Las cartas de amor y guerra que intercambiaron los esposos que dirigieron la era del jazz componen un mapa de la destrucción mucho más fiel que el propio Crack Up que el Fitzgerald decadente entregó a mitad de los años treinta a Esquire. Está el entusiasmo del telegrama de 1919 y la desolación posterior, una caída libre que no era ajena a ambos. En su correspondencia se suceden reproches amargos, cotilleos literarios y una suerte de amor enquistado, a ratos melancólico. Ahí está el interés de Scott en alargarle la mano a su mujer, traerla de nuevo hacia él reconviniendo su conducta, aconsejándola, paseándose entre doctores para acabar hablando no tanto de ella como de él. Salen del extremo de la euforia a la del fracaso, de la paz al temblor, se ensañan con el pasado esplendoroso de la costa azul francesa, ésa de aguas azules y destellos trémulos, y avistan de pronto el futuro con empeño optimista. “Tú y yo hemos sido felices; y no lo hemos sido solo una vez, hemos sido felices miles de veces. Las posibilidades de que la primavera, que llega para todos, como las canciones populares, nos pertenezca también, las posibilidades son muy halagüeñas en este momento porque, como siempre, puedo aguantar casi toda la opinión literaria contemporánea, liquidada, en el hueco de la mano, y cuando lo hago, veo al cisne flotando en ella y descubro que eres tú y sólo tú. Pero, Cisne, flota suavemente porque eres un cisne, porque con la exquisita curva de tu cuello los dioses te concedieron un don especial, y aunque te lo fracturaras tropezando con algún puente construido por el hombre, se curaría y seguirías avanzando. Olvida el pasado, lo que puedas, y da la vuelta y nada de nuevo hasta mí, a tu refugio de siempre, aunque a veces parezca una cueva oscura iluminada con las antorchas de la furia. Es el mejor refugio para ti, da la vuelta despacio en las aguas en las que te mueves y regresa. Todo esto parece alegórico pero es muy real. Te necesito aquí. La tristeza del pasado me acompaña siempre. Las cosas que hicimos juntos y las cicatrices atroces que nos convirtieron en el pasado en supervivientes de guerra persisten como una especie de atmósfera que rodea todas las casas que habito. Las cosas agradables y los primeros años juntos, los meses que pasamos hace dos años en Montgomery me acompañarán siempre y tienes que creer como yo que podemos recuperarlos, si no en una nueva primavera, en un nuevo verano. Te quiero, amor mío, cariño”.
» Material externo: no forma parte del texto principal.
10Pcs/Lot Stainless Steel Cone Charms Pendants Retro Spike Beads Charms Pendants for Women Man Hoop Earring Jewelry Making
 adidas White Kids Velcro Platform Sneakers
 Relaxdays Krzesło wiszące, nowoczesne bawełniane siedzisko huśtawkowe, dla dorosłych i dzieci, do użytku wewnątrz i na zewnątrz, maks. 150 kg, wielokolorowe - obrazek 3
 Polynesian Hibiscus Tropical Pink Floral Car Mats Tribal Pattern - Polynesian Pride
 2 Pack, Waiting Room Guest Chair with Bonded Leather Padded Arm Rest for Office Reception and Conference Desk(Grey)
Zelda recibe Suave es la noche, la novela en la que Fitzgerald exhibe la intimidad de lo que da en llamar la bancarrota emocional de ambos. “La prosa es bellísima, sin una palabra de más ni fuera de lugar. También es una excelente y conmovedora descripción de aquellos lugares soleados, cuyo resplandor brillante finalmente se apagó y dispersó quizás en matices amortiguados (…)Es un libro bellísimo. (…) Me parece que temes que me haga recordar el pasado. Piensa que en aquella época yo estaba inmersa en otro asunto, y supongo que la mayor parte de la vida es un reajuste de las tragedias y dichas en las que consistía antes de que empezáramos a difundir las razones de que fuera así. Por supuesto que es un libro obsesivo, todo lo bueno es obsesivo porque ilumina algo nuevo en nuestra conciencia”, le escribe ella. “¿Puedo pedirte en serio que controles las lecturas, cariño, que no insistas en leer obras densas ni libros que te recuerden las horas negras de París?”, responde él. Su relación sube y baja, alejándolos aún más (Zelda ya está en el hospital; Fitzgerald en su particular calvario, Hollywood: “Llevar a Hollywood a Scott Fitzgerald es como pedir a un escultor que haga cañerías”, dijo Wilder). “No estás casada con un rico millonario de treinta años sino con un anciano prematuro y bastante arruinado que no tiene un céntimo aparte de lo que puede sacarle a una mente agotada y a un cuerpo enfermo”. El autor entabla también correspondencia con Rosalind Sayre, la hermana de Zelda. “Me has escrito la misma carta tres veces y seguramente yo he sido igual de repetitivo al contestarla. Comprendo tu preocupación por Zelda, pero lo que yo puedo hacer tiene sus límites”.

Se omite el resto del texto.